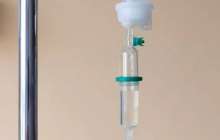 "Жүрегі тоқтап қалған, бүйрегін алып тастаған": Павлодарда анасы терезеден лақтырып жіберген балалардың жағдайы белгілі болды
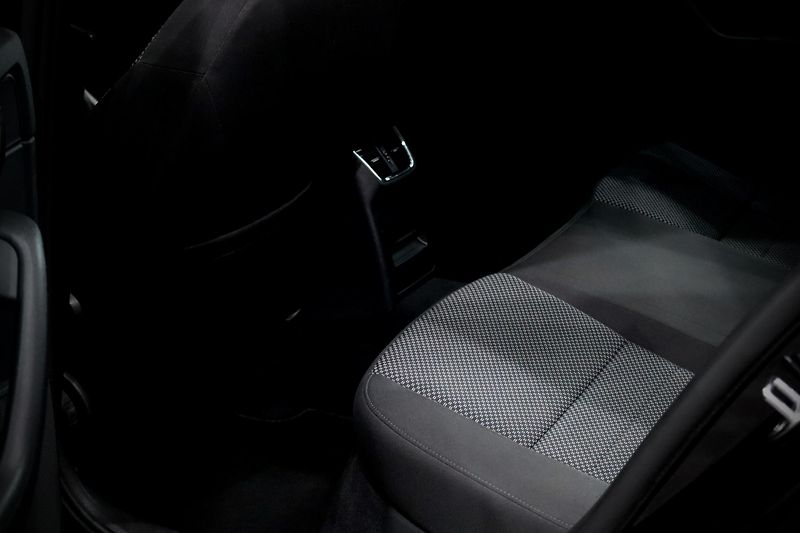 Škoda Octavia 3 Combi 1.4 TSI 110 kW - fotka 16 z 27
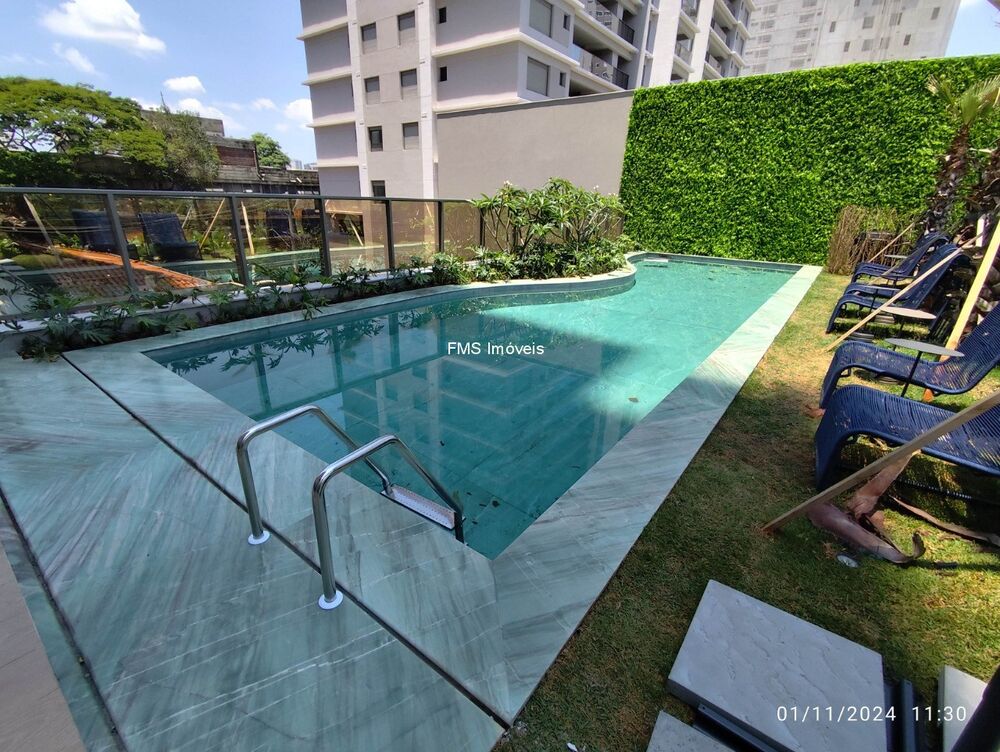 Apartamento à venda com 1 quarto, 42m² - Foto 18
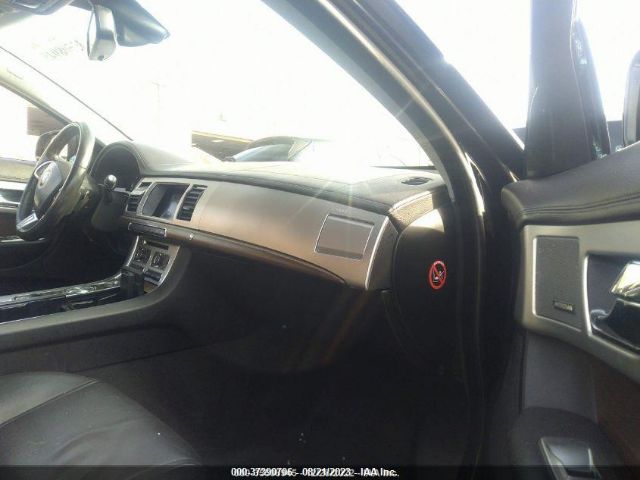SAJWJ0EF3E8U31382 Jaguar Xf V6 Sc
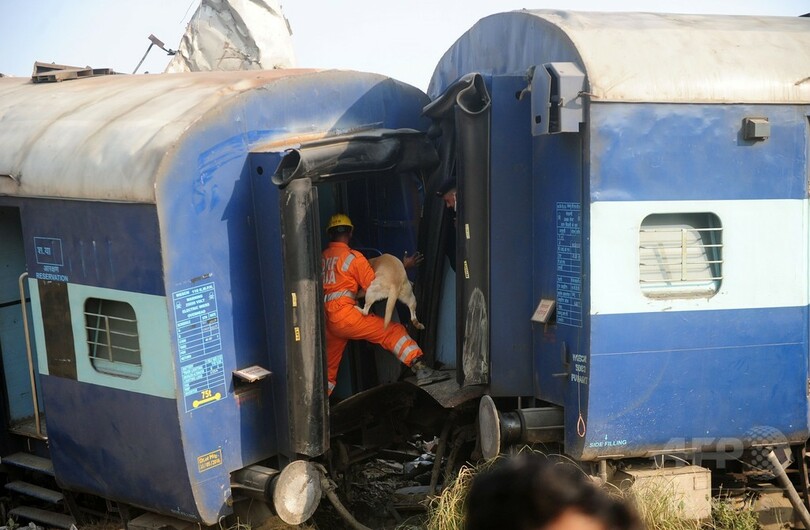 インド列車脱線事故、死者120人に 生存者の捜索続く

THE PROBLEM:
The whole listing above must be set down again exactly, but without its images.

SOLUTION TO THE PROBLEM:
 "Жүрегі тоқтап қалған, бүйрегін алып тастаған": Павлодарда анасы терезеден лақтырып жіберген балалардың жағдайы белгілі болды
 Škoda Octavia 3 Combi 1.4 TSI 110 kW - fotka 16 z 27
 Apartamento à venda com 1 quarto, 42m² - Foto 18
SAJWJ0EF3E8U31382 Jaguar Xf V6 Sc
 インド列車脱線事故、死者120人に 生存者の捜索続く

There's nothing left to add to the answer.